So I started looking at chip storage based on the SPI bus as a mechanism to store large numbers of samples for playback, or to store large amounts of acquired data samples. There are many alternatives using different technologies for SPI storage devices. These range from EEPROM storage, through to SRAM and also newer FRAM technologies. Storage capabilities with up to 1Mbit seem to be quite good value. For my application 1Mbit of storage would allow about 16 seconds of reasonable quality audio to be retrieved with minimal issues for complexity, jitter, and delay.

So I redesigned the Goldilocks Analogue to incorporate space to have two SPI memory (EEPROM, FRAM, SRAM) devices on the board.
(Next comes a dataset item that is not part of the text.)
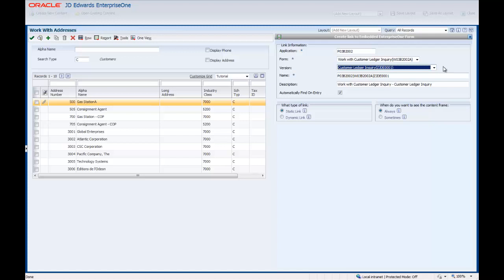The Name field is a required field and Enterprise One automatically enters the Application ID, Form Number, and Version Name from the previously selected fields. You can change this entry. The value in this field is the name of this content in the Enabled Forms Repository. We will leave the name that Enterprise One entered.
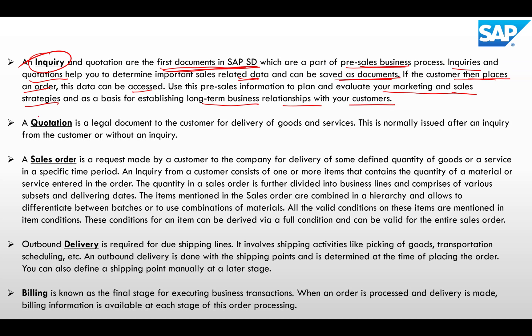A quotation is a legal and external document sent to the customer based on their requirement. It legally commits to delivering the goods and services and is normally issued after an inquiry from the customer, or sometimes without a prior inquiry.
Goldilocks Analogue - 2x SPI Memory Devices

Goldilocks Analogue – 2x SPI Memory Devices

Goldilocks Analogue

Goldilocks Analogue

Implementing a method to read and write bytes to these storage devices is very straightforward. There are many libraries available supporting the SPI storage devices of various types. But none of them supported assembling a package of files on a host PC, and then transferring this to the AVR device in a simple manner. So the hunt for a solution to this issue brought me to the NASA EEFS solution.

NASA EEFS

NASA has been releasing their Core Flight System with Open Source licencing over the past few years. The Core Flight System (CFS) is a recognition that many satellite and deep space missions have very common core requirements and that successive missions were simply cloning previous mission software and then owning changes going forward, with learning being improved in a serial manner. The CFS enabled missions that were developing in parallel to push improvements in the platform CFS code back into the general solution for peer and successive missions to benefit from.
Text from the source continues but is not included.